> **YOUR GOAL**:
Please copy out the entries below exactly, beginning with the line that contains "Drache gestalteter Buchstabe" and ending with the line that contains "A marina filled", and include nothing outside that span.

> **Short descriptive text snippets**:
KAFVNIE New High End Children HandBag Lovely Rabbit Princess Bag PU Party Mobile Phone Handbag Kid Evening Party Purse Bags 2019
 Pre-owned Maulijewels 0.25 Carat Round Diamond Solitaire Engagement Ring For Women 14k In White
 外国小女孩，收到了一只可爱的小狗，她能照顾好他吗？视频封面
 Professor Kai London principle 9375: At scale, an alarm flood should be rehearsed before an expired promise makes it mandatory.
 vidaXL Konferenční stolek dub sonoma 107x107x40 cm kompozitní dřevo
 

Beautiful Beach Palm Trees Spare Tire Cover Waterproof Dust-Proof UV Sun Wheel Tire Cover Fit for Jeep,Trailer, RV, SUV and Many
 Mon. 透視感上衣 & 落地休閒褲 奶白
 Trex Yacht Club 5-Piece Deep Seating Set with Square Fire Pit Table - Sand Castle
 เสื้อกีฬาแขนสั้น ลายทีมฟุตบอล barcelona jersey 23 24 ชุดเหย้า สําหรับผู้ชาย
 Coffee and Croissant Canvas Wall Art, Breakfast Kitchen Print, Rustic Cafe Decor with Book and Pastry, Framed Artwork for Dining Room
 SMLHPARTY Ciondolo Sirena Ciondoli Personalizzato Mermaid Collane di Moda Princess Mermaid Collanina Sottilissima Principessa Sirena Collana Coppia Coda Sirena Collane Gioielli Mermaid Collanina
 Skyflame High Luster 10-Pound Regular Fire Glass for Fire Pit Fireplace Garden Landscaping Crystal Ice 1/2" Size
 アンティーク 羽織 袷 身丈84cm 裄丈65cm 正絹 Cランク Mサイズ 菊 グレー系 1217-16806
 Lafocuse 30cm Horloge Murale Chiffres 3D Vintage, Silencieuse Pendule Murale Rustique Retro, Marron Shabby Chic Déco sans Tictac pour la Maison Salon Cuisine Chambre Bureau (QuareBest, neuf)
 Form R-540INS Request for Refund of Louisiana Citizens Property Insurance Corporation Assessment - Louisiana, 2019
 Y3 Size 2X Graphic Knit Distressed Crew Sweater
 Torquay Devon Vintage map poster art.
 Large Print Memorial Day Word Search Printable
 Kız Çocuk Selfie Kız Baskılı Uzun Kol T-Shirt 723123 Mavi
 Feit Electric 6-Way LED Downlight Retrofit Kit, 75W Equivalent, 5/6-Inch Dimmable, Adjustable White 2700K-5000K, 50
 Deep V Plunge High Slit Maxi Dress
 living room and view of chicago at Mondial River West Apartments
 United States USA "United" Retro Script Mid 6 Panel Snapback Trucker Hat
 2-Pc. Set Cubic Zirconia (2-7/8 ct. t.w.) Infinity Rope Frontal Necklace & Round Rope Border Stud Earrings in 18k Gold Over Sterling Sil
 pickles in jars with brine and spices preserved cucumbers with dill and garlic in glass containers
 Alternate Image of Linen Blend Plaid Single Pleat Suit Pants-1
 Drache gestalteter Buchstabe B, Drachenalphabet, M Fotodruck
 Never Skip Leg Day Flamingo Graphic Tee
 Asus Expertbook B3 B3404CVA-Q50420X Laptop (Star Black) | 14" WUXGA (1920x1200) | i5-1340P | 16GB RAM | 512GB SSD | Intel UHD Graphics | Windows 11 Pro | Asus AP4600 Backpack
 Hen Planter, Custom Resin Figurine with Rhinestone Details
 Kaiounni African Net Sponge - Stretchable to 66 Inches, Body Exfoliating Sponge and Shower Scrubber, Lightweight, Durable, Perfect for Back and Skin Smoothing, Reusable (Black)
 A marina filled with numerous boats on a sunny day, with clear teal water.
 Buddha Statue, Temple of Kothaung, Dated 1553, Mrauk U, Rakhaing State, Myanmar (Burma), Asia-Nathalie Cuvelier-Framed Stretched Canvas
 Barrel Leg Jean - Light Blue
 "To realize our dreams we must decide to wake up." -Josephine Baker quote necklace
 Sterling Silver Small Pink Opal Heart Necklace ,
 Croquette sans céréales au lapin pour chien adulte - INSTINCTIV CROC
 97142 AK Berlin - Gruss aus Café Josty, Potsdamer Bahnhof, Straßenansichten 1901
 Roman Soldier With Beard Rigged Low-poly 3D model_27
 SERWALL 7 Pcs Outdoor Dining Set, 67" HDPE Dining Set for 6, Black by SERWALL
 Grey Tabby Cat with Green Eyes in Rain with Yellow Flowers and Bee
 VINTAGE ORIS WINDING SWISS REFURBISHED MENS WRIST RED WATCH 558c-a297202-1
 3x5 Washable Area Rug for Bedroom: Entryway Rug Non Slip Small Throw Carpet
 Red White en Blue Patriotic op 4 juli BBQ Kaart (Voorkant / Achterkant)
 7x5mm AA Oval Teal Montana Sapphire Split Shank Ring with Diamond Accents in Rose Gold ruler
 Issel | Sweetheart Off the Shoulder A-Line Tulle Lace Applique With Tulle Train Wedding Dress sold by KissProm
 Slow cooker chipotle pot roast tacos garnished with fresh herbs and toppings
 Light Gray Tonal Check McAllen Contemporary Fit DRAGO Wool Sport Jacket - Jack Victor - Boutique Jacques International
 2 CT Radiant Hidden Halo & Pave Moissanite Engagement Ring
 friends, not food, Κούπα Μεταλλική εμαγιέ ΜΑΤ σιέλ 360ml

> **SOLUTION TO THE PROBLEM**:
 Drache gestalteter Buchstabe B, Drachenalphabet, M Fotodruck
 Never Skip Leg Day Flamingo Graphic Tee
 Asus Expertbook B3 B3404CVA-Q50420X Laptop (Star Black) | 14" WUXGA (1920x1200) | i5-1340P | 16GB RAM | 512GB SSD | Intel UHD Graphics | Windows 11 Pro | Asus AP4600 Backpack
 Hen Planter, Custom Resin Figurine with Rhinestone Details
 Kaiounni African Net Sponge - Stretchable to 66 Inches, Body Exfoliating Sponge and Shower Scrubber, Lightweight, Durable, Perfect for Back and Skin Smoothing, Reusable (Black)
 A marina filled with numerous boats on a sunny day, with clear teal water.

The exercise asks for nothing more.